PENDLETON (AP) — This eastern Oregon city known for agriculture hopes its open airspace will grow another industry — drones.
The city about 200 miles east of Portland hosted the Northwest conference for unmanned aerial vehicles (UAVs) this week. The East Oregonian newspaper reported Thursday that hundreds of industry types arrived for the “Robot Rodeo,” along with several research firms.
The conference showed off all the possibilities for the technology, including increased agriculture yields, fire suppression and surveillance.

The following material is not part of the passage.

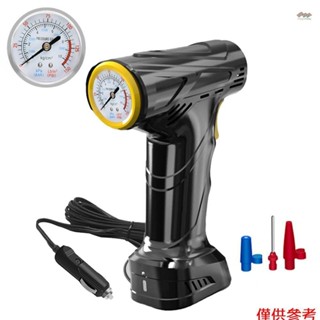120w 汽車氣泵手持式空氣壓縮機便攜式輪胎充氣機壓力錶帶 LED 燈,適用於汽車摩托車自行車輪胎球游泳圈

Pendleton economic development coordinator Steve Chrisman said the city offers both open skies and a skilled workforce. Twenty-five National Guard soldiers at the Pendleton base are trained with the RQ-7 Shadow, a drone?used primarily for surveillance.
At the conference, Chrisman announced economic incentives available through Umatilla County and the Horizon Project, a local nonprofit, to drone technology companies that locate in Pendleton. Umatilla County would grant $100,000 to a company that meets economic and employment benchmarks, while the Horizon Project loan would have an interest rate of 2 percent or less.
The incentives could prove meaningless if Pendleton’s application to become one of 18 FAA-approved drone ranges in the Alaska, Hawaii and Oregon region is rejected. Without approval, Pendleton would have difficulty gaining access to airspace for flying drones. The FAA was expected to inform Pendleton of its status by December but the partial government shutdown may delay that deadline.
Drones are becoming a driving force in precision agriculture. They can fly over fields to detect weak spots and pests or pinpoint water needs for crops. Blue Mountain Community College in Pendleton is developing a precision agriculture program that incorporates drone technology. An Oregon State University study is also using drones to monitor potato crops in Hermiston, about 30 miles northwest of Pendleton.